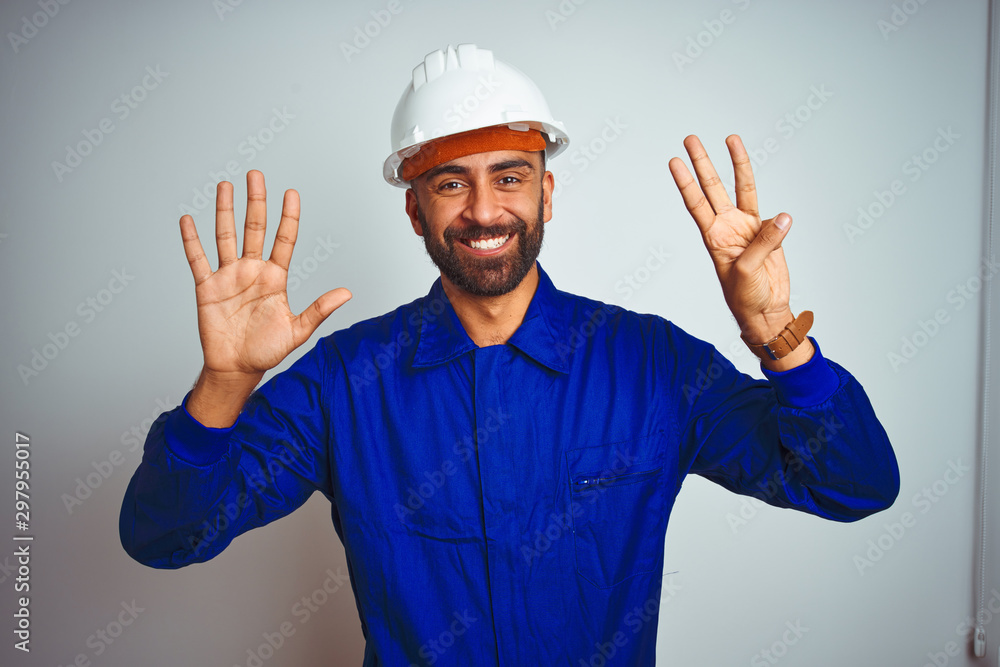 Handsome indian worker man wearing uniform and helmet over isolated white background showing and pointing up with fingers number eight while smiling confident and happy.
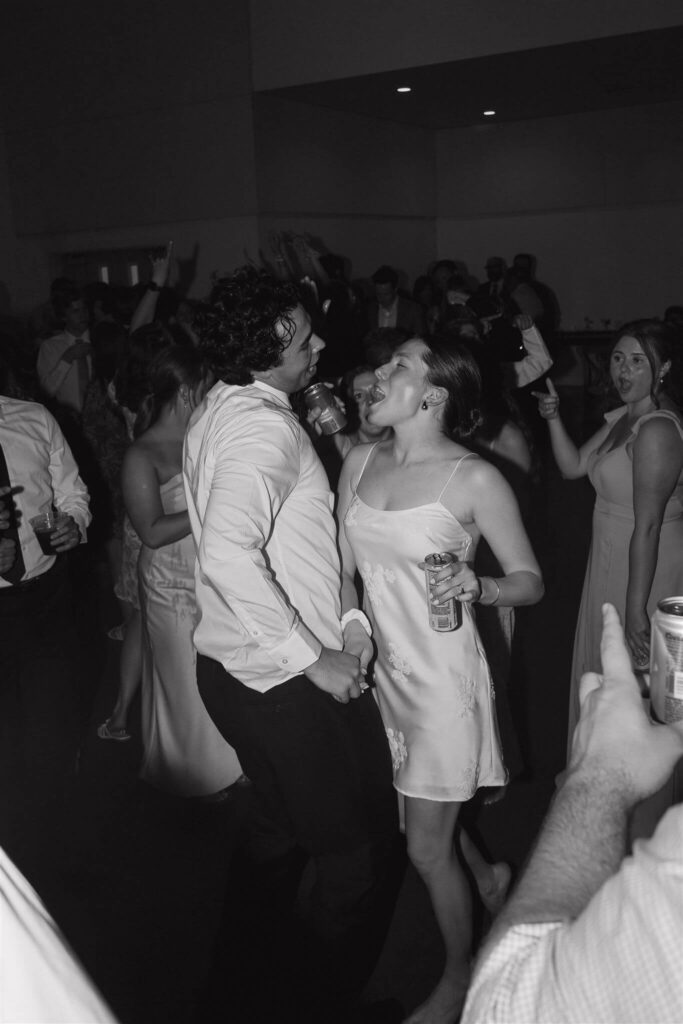 Bride and groom dance in each other's arms at energetic wedding reception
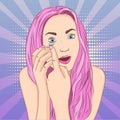 The girl with pink hair inserts, puts contact lenses in the eye. Pop art background. Imitation of comics style. Raster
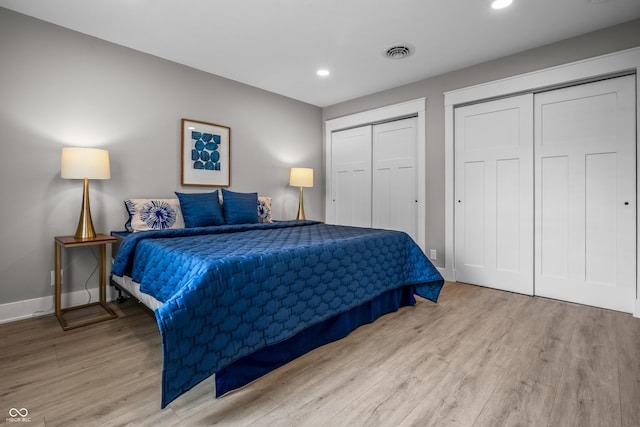 2537 N Boehning St, Indianapolis, IN 46219 - bedroom with wood finished floors, multiple closets, baseboards, and recessed lighting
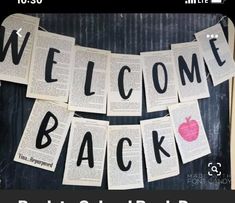 the welcome back sign is made out of old book pages and has an apple on it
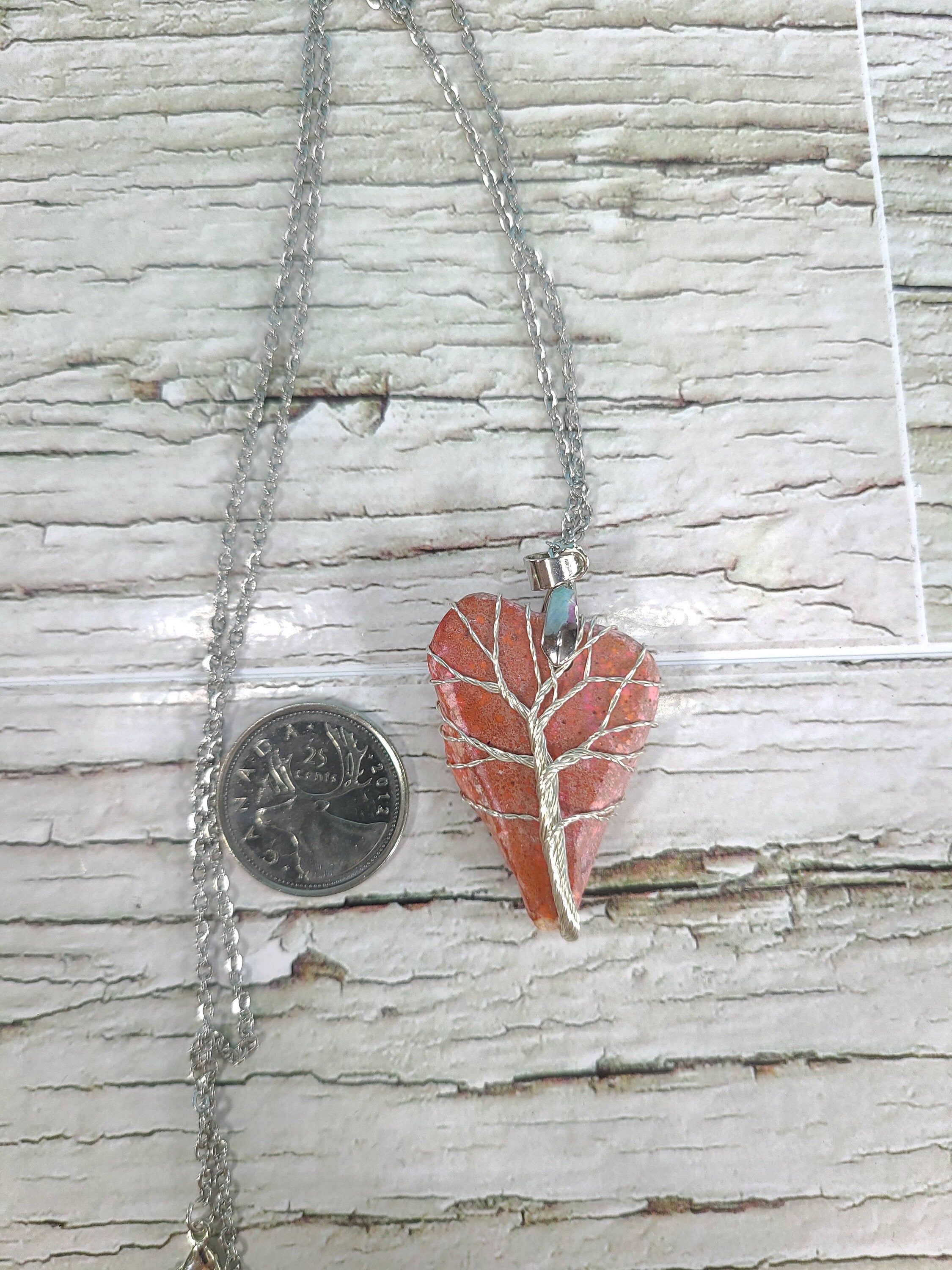 Heart-shaped pendant on a chain next to a quarter for scale, on a wooden surface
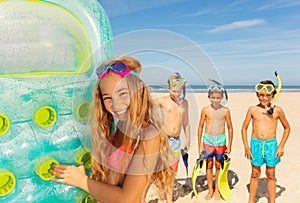 Cute girl hold matrass stand on beach with friends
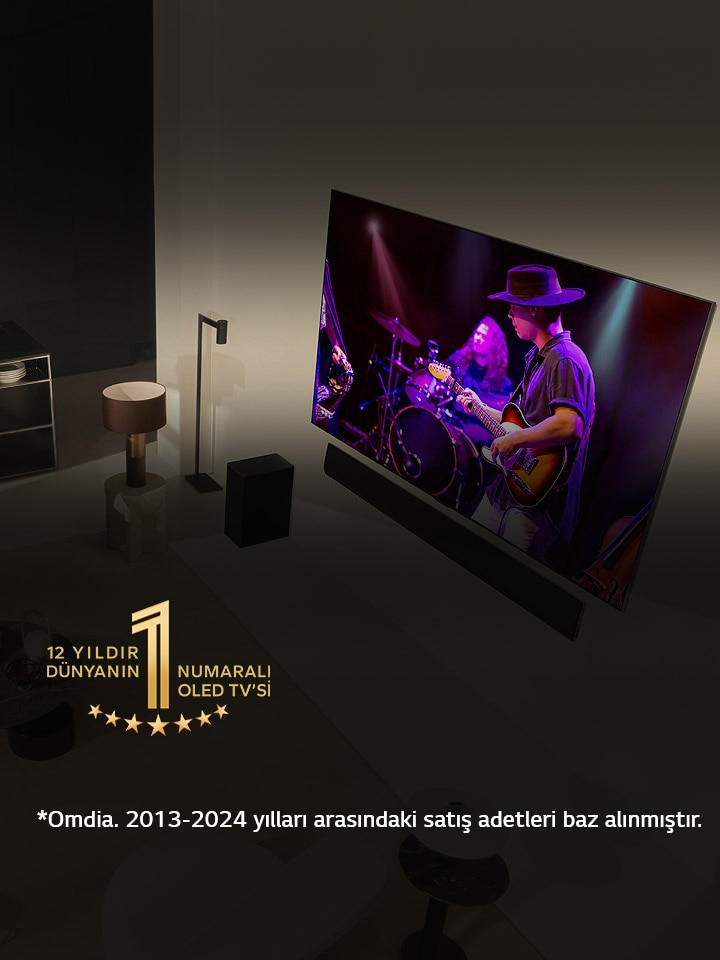 Modern bir dairede geniş ekran OLED TV’de konser seyreden bir adam ile kadının tepeden görünümü. Görüntüde “11 Yıldır Dünyanın 1 Numaralı OLED TV’si” amblemi yer alıyor. Bir sorumluluk reddi ekranda görünür: “Kaynak: Omdia. Birim sevkiyatları, 2013 - 2023. Sonuçlar, LG Electronics tarafından onaylandığı anlamına gelmemektedir. Sonuçlara güvenilmesi üçüncü tarafın kendi sorumluluğundadır. Daha fazla detay için https://www.omdia.com/ adresini ziyaret edin.”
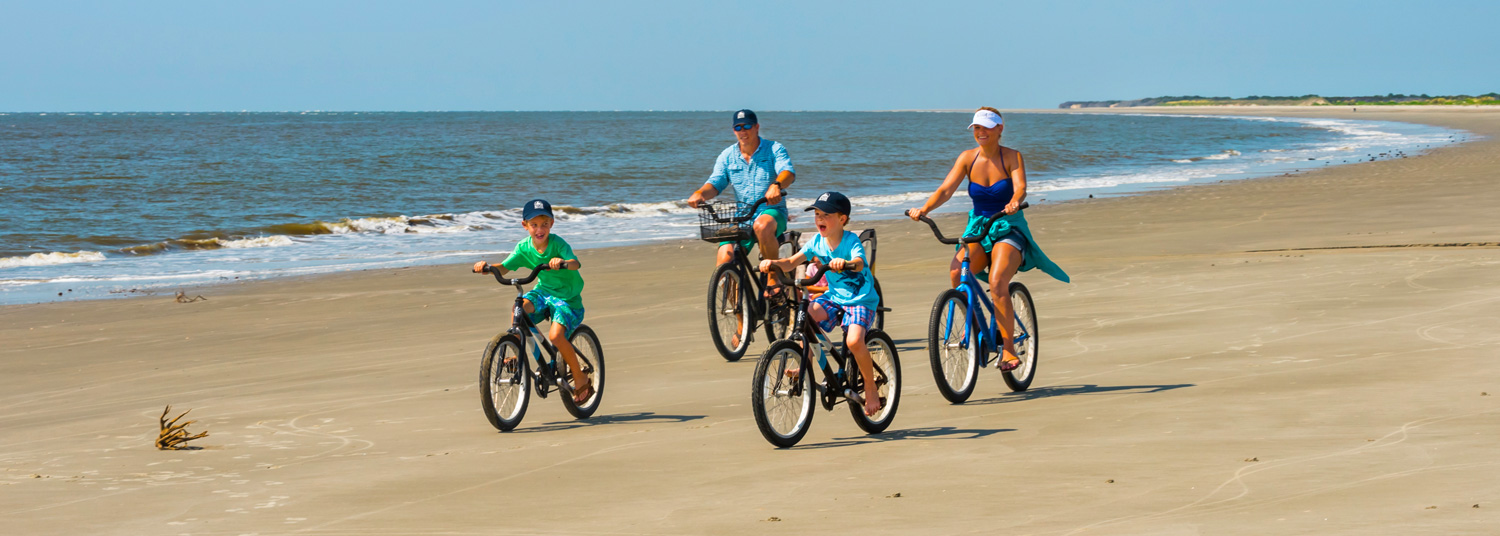 family biking across the beach
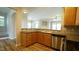 Eat-in kitchen featuring stainless steel appliances, hardwood cabinets and luxury vinyl plank flooring at 4517 Pale Moss Dr, Raleigh, NC 27606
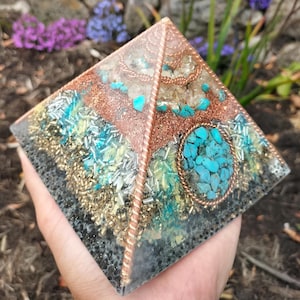 May include: A handcrafted pyramid with a copper wire frame and embedded turquoise stones. The pyramid features layers of gold, silver, and turquoise accents, creating a unique and decorative piece. The base is approximately 7.6 cm square.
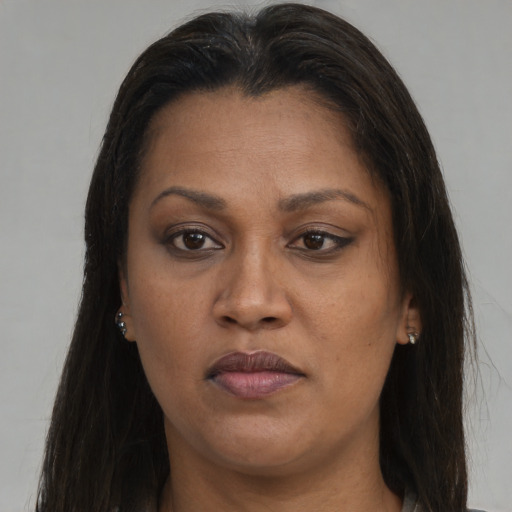 Joyful black adult female with long  brown hair and brown eyes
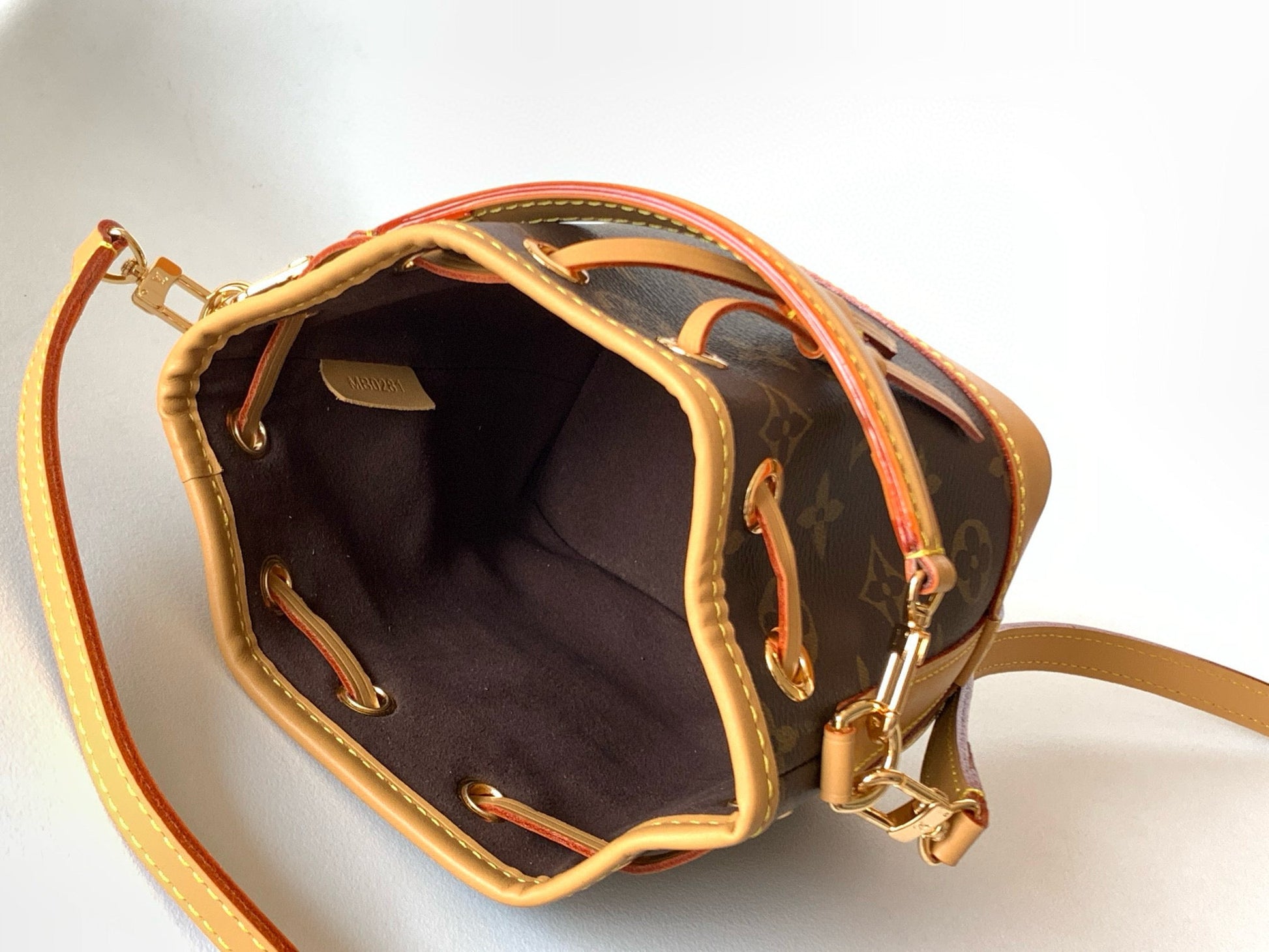 NANO NOÉ 16 IN BROWN MONOGRAM CALFSKIN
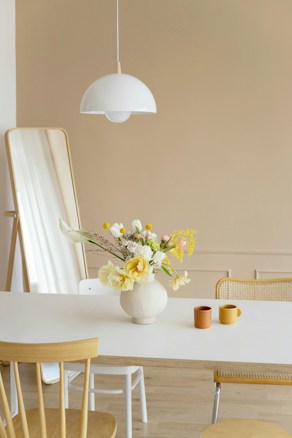 A minimalistic and modern interior scene featuring a light wooden dining table with a light-colored surface. On top of the table is a round white vase containing a diverse arrangement of flowers, including yellow roses and other colorful blossoms. Two ceramic mugs, one in a warm orange and the other in a muted brown, are placed beside the vase. Above the table hangs a contemporary white pendant lamp. In the background, a large floor mirror leans against a beige wall, complementing the neutral tones of the room. The setting includes two chairs, one made of natural wood and the other with a woven seat.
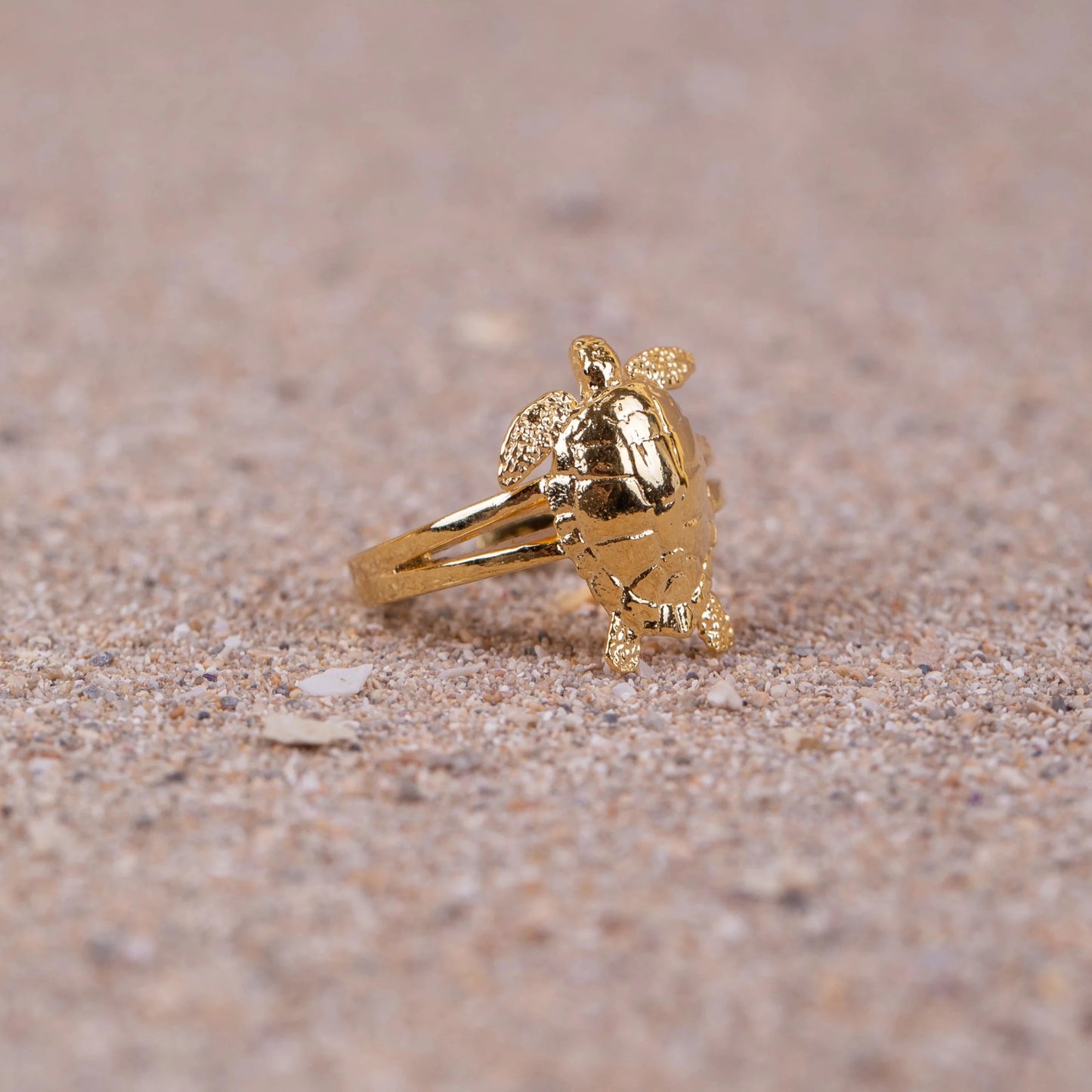 Anillo Cayume bañado en Oro en macro sobre arena.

§ **Exercise goal**
Nothing but the lines from the one containing "Joyful black adult" through the one containing "NANO NOÉ 16 IN BROWN MONOGRAM CALFSKIN" should appear, copied exactly from the material above and without pictures.

§ **Solution to this task**
 Joyful black adult female with long  brown hair and brown eyes
 NANO NOÉ 16 IN BROWN MONOGRAM CALFSKIN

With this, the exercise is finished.